((
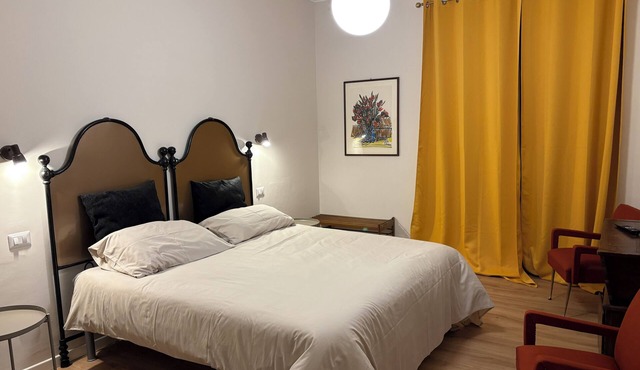 Celeste Erard - Charming Guest House in Maiolati Spontini
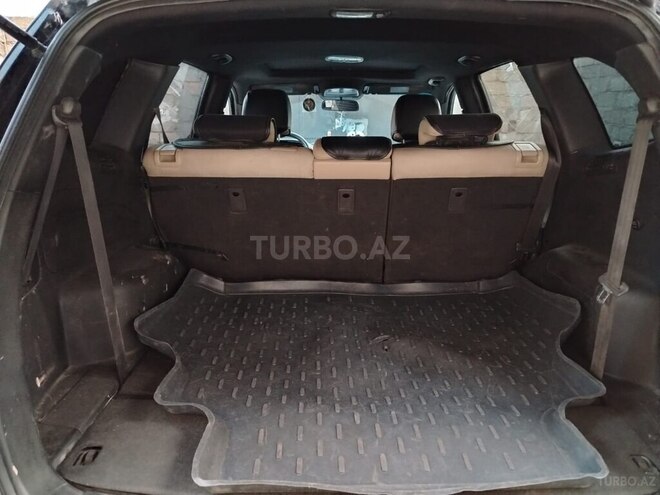 Hyundai Santa Fe 2010, 184,992 km - 2.4 l - Bakı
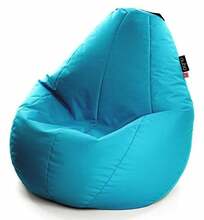 Kott-tool Qubo Comfort 90 Wave Blue Pop Fit, 200 L, helesinine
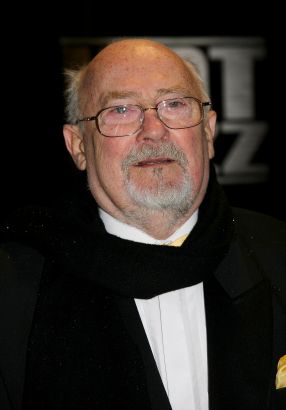 Edward Woodward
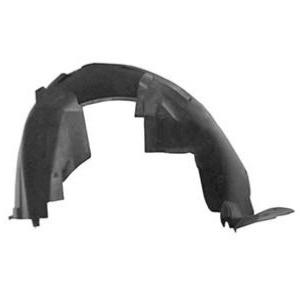 passaruota anteriore sinistro stampaggio ad iniezione fiat doblo 2015 2022 ft9123604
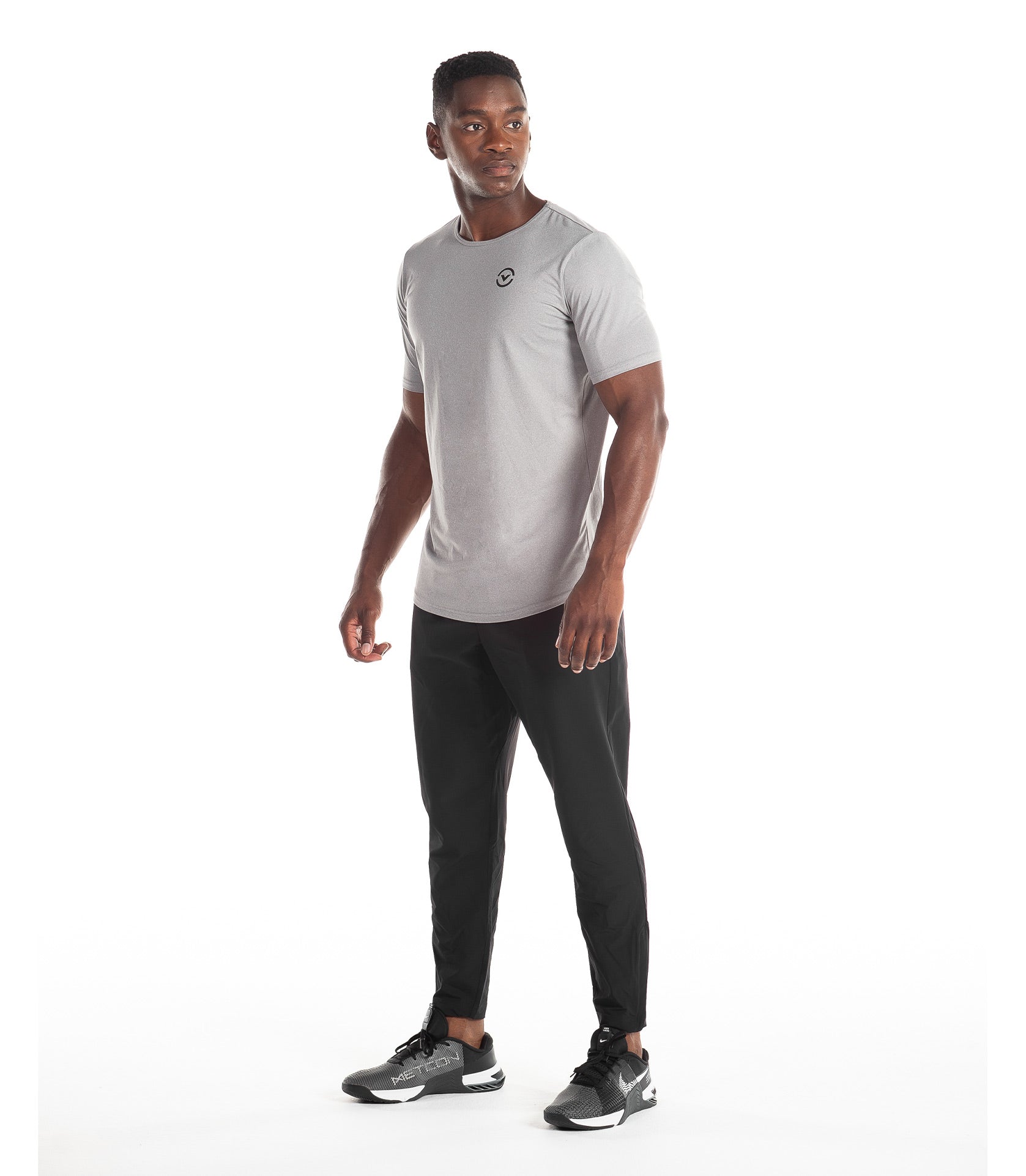 Scoop V2 Short Sleeve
))
_Task goal:_ The preceding entries are to be returned verbatim, with every picture excluded.

_Written solution:_
 Celeste Erard - Charming Guest House in Maiolati Spontini
 Hyundai Santa Fe 2010, 184,992 km - 2.4 l - Bakı
 Kott-tool Qubo Comfort 90 Wave Blue Pop Fit, 200 L, helesinine
 Edward Woodward
 passaruota anteriore sinistro stampaggio ad iniezione fiat doblo 2015 2022 ft9123604
 Scoop V2 Short Sleeve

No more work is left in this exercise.